Retirees don't understand when to claim benefits
There's a second reason why this chart is the most important Social Security chart you'll ever see. The chart shows how much higher your benefits will be if you wait to claim them. Unfortunately, most seniors don't really understand the impact of delaying benefits on their retirement income.
While you can claim benefits at 62, your full retirement age is not until much later. Full retirement age varies by birth year, but for those born in 1960 or later, full retirement age is 67.
When you retire 36 months or less before reaching full retirement age (FRA), benefits are reduced by 5/9 of a percent for each month before FRA. When you retire more than three years before full retirement age, benefits are further reduced by 5/12 of a percent per month.
For a senior with a full retirement age of 67, retiring at 62 would mean a 30% reduction in benefits. Waiting until 70, on the other hand, means a boost in benefits -- for those born after 1943, an 8% annual boost, or a jump of 2/3 of one percent, for each month of delayed benefits.
Unfortunately, less than a third of pre-retirees know their full retirement age, according to a Fidelity survey, and almost 40% of pre-retirees incorrectly believe their benefit will bump up at FRA if they take reduced benefits at 62. But if you take your benefits early, you'll be paid the reduced benefit for the rest of your life, unless you take drastic steps, like stopping benefits and potentially repaying what you already received.
This doesn't mean it never makes sense to claim benefits at 62. It's important to do the math and calculate how much you forego in benefits by delaying, and compare this to the amount of extra benefits you'll receive.

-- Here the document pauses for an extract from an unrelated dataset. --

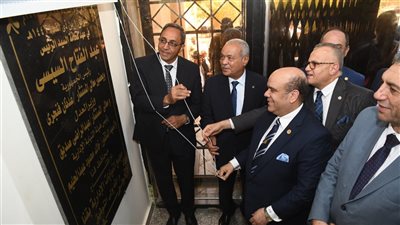 افتتاح 3 منشأت تابعة لوزارة العدل فى قنا وقوص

Here's a simple example:
- If your benefit would have been $1,000 at a full retirement age of 67, but you claim benefits at 62, you'd receive $700 monthly, or $8,400 annually.
- If you wait until 70, your benefit would be $1,240 monthly, or $14,880 annually.
- By waiting to claim benefits for eight years, you'd have missed out on a total of $67,200 in benefits ($8,400*8).
- By delaying, your benefits are $6,480 per year higher ($14,880-$8,400).
- It would take you 10.3 years earning benefits at the higher rate to make up for missing out on eight years worth of benefits ($67,200 / $6,480).
If you expect to live more than 10.3 years after age 70 -- or to live to be over 80 -- it makes sense to delay if you can. Of course, not everyone is able to work longer, but as this important Social Security chart shows, those who delay receiving benefits could have substantially more income than their peers who claimed sooner.
This is actually another reason to save money: If you must retire early, you could live off your savings and delay taking Social Security benefits so you can spend the rest of your life with a higher monthly benefit than you'd have received if you were forced by financial circumstances to claim benefits early.
Start saving for retirement today
This simple chart is the most important Social Security chart you'll ever see because it emphasizes how vital it is to build a retirement nest egg. Fortunately, there are just a few simple steps to take if you want to retire rich.
Take action today. Cut your spending, make sure your 401(k) is working for you, and make smart investments so you won't have to struggle to survive on Social Security benefits that are far too low.